Write out word for word each line from the top of the material through the line that has "HỘP QUÀ TẾT 2025 - ẤT TỴ 24". Pictures do not go in.

● **DATA FOR PROCESSING**
::::

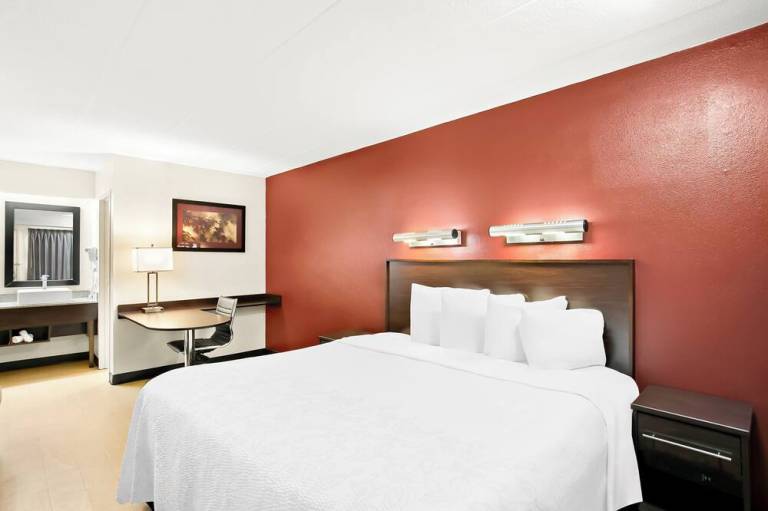 Red Roof Inn PLUS Baltimore Washington DC BWI Airport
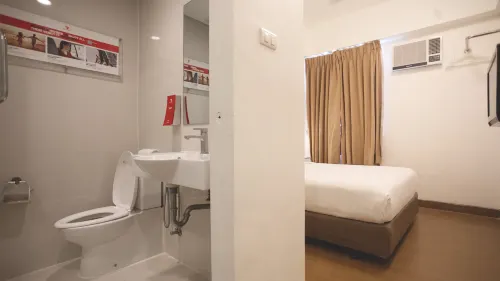 Red Planet Cebu Rooms Photos
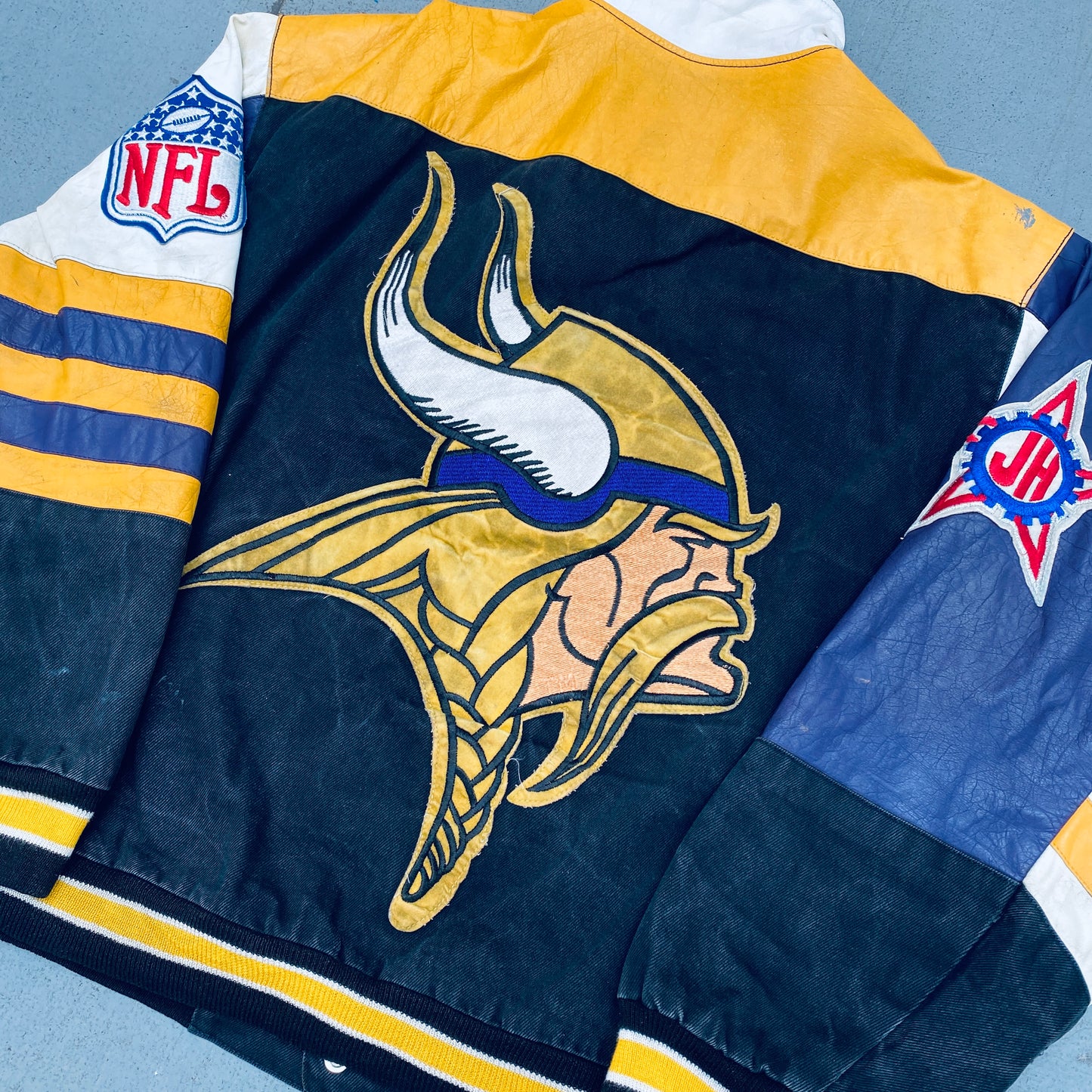 Minnesota Vikings: 1990's Jeff Hamilton Jacket (XL)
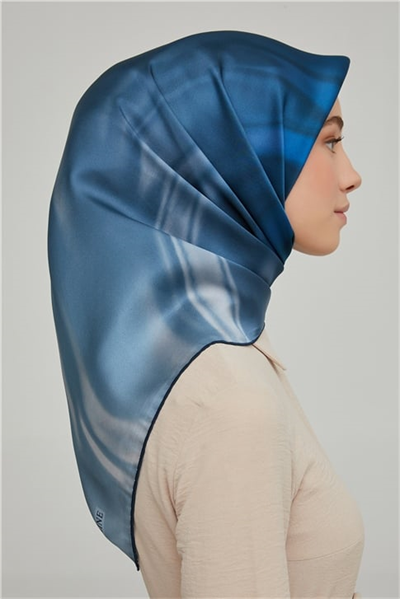 Armine Sura İpek Eşarp 21Ka8624 39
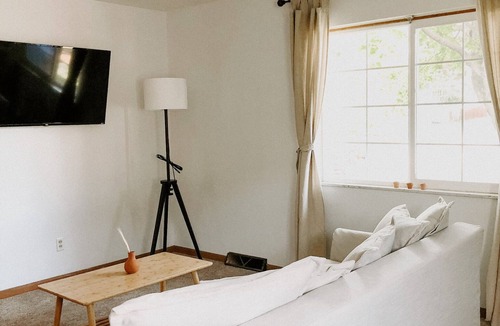 Delaware Apartment | Cozy stay within one mile of downtown Delaware’s shops, restaurants and pubs.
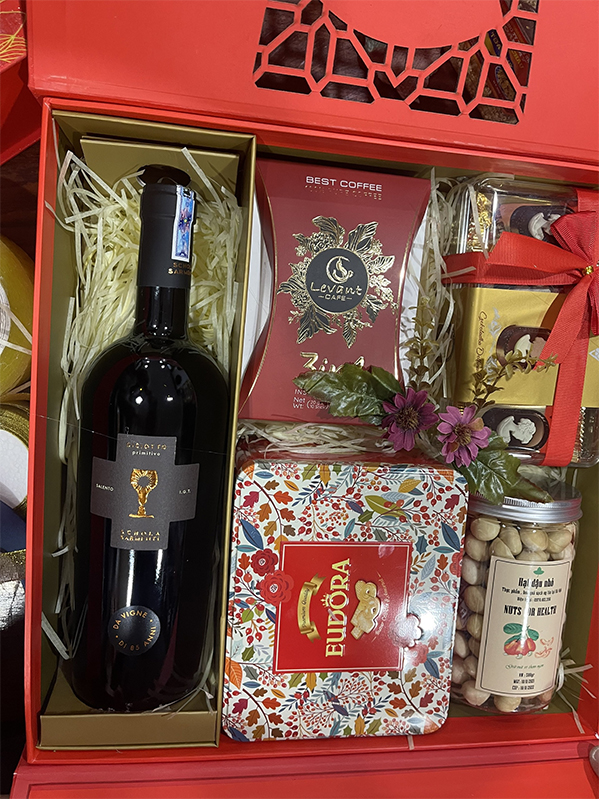 HỘP QUÀ TẾT 2025 - ẤT TỴ 24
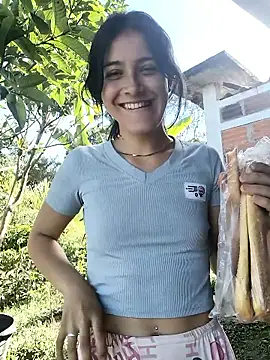 Snapshot of Juam22 chatting on 4, 2, 2026 Juam22 online show from 4, 2, 2026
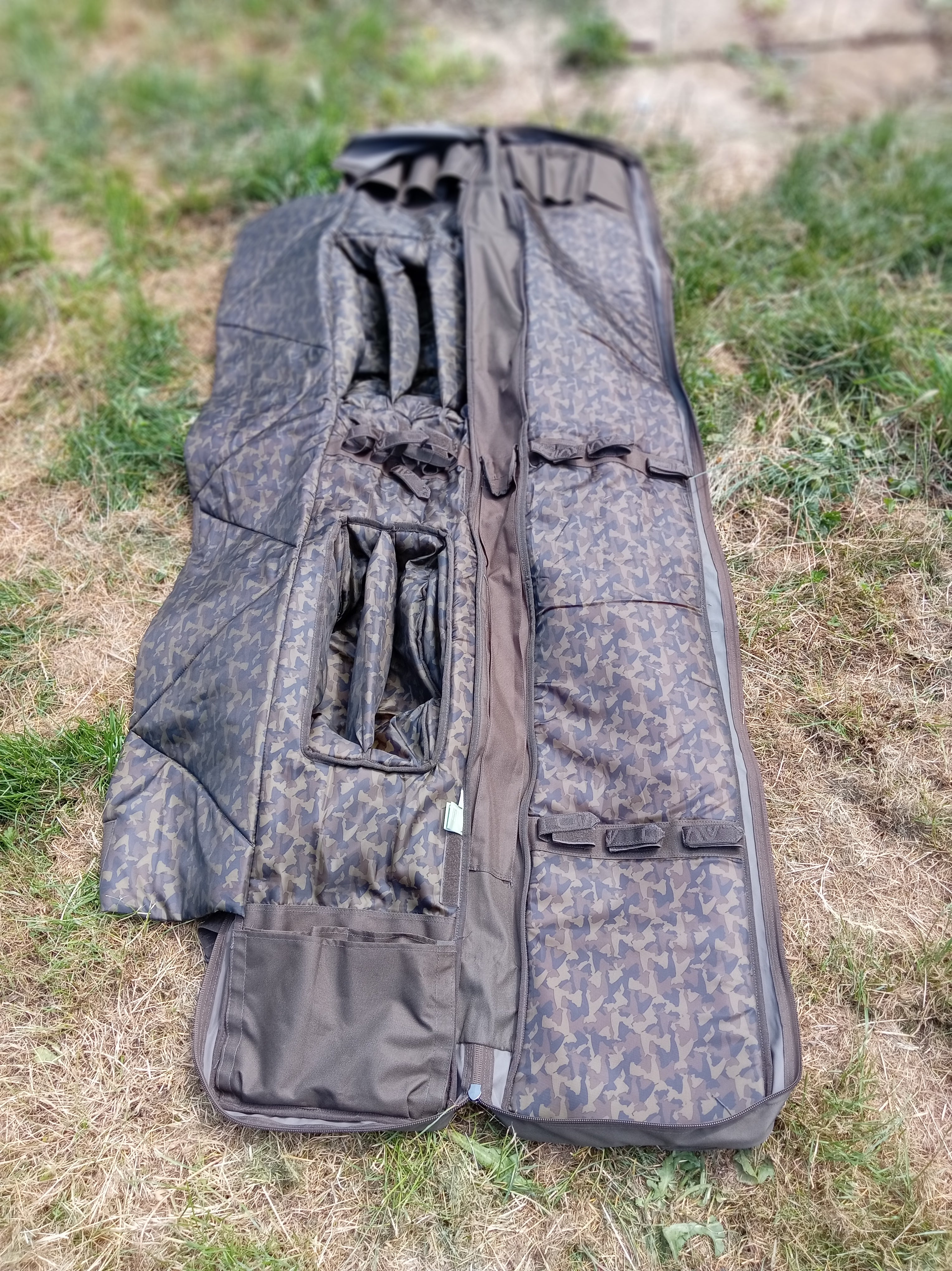 Avid Carp 5 + 3 12ft  Rod Padded Holdall Carp Fishing Luggage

::::

● **TASK OUTPUT**
 Red Roof Inn PLUS Baltimore Washington DC BWI Airport
 Red Planet Cebu Rooms Photos
 Minnesota Vikings: 1990's Jeff Hamilton Jacket (XL)
 Armine Sura İpek Eşarp 21Ka8624 39
 Delaware Apartment | Cozy stay within one mile of downtown Delaware’s shops, restaurants and pubs.
 HỘP QUÀ TẾT 2025 - ẤT TỴ 24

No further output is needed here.